DATA FOR THIS TASK
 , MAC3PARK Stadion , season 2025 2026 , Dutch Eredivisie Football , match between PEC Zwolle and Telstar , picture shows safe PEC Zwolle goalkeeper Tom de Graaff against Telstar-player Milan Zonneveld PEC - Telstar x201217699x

* * *

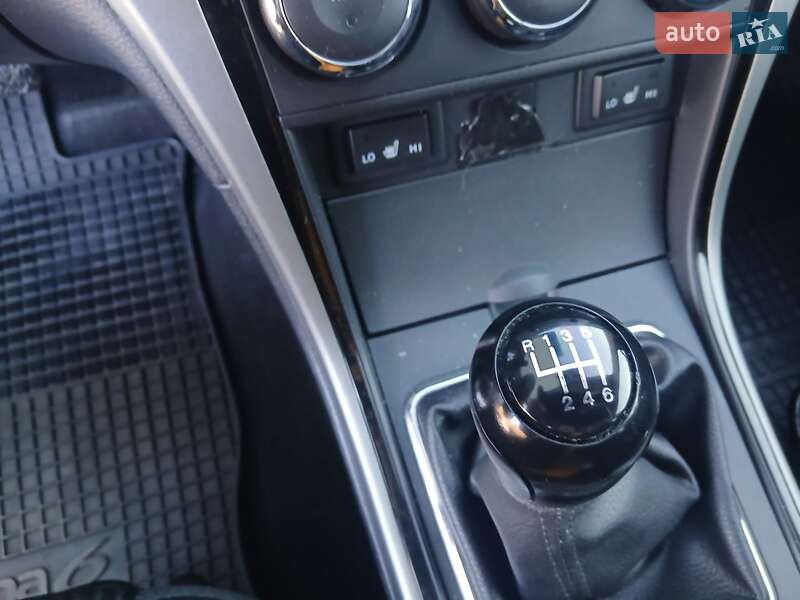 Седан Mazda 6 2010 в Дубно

* * *

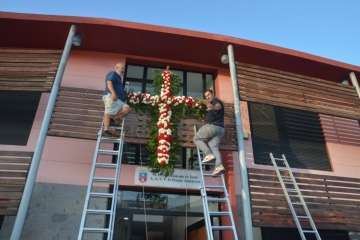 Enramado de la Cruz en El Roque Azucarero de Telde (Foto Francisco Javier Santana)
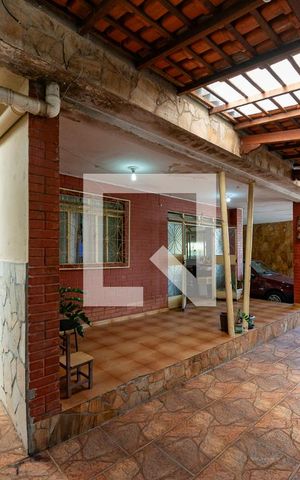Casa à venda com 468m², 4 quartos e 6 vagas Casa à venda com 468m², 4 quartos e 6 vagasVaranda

YOUR TASK
An exact transcription is needed of the lines from the one with "Enramado de la" to the one with "Casa à venda com 468m², 4 quartos e 6 vagas Casa" above, both ends included, with pictures left out.

ANSWER SECTION
 Enramado de la Cruz en El Roque Azucarero de Telde (Foto Francisco Javier Santana)
Casa à venda com 468m², 4 quartos e 6 vagas Casa à venda com 468m², 4 quartos e 6 vagasVaranda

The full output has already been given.